Task instructions ▸ Could you return, exactly as written, only the lines from the one holding "Off-the-shoulder ruched dress" through the final line of the records below?

=== Dataset extract ===

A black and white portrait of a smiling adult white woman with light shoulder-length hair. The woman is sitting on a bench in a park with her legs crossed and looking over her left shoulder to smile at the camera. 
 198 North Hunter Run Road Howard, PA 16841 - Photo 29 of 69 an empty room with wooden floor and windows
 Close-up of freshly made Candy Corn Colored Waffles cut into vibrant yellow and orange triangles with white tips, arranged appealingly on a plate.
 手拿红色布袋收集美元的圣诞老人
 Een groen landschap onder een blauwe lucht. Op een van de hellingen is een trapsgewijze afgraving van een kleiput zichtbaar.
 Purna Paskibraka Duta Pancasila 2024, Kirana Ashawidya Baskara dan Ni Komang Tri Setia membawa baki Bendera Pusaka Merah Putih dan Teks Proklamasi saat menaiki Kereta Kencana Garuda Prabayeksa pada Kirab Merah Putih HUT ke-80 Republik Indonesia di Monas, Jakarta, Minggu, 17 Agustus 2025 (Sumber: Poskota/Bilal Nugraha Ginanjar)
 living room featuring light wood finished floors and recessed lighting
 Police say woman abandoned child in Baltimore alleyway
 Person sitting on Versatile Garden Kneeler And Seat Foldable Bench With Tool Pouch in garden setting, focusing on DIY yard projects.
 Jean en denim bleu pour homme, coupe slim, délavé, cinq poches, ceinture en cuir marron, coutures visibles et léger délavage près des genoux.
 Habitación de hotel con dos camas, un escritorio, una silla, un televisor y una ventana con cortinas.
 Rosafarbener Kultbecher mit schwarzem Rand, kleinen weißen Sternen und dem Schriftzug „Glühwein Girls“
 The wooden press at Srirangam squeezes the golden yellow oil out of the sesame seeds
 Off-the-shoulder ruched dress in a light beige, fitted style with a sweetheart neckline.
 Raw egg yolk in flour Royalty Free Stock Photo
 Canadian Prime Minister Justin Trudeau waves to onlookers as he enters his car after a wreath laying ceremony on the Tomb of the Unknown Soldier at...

===

Output ▸
 Off-the-shoulder ruched dress in a light beige, fitted style with a sweetheart neckline.
 Raw egg yolk in flour Royalty Free Stock Photo
 Canadian Prime Minister Justin Trudeau waves to onlookers as he enters his car after a wreath laying ceremony on the Tomb of the Unknown Soldier at...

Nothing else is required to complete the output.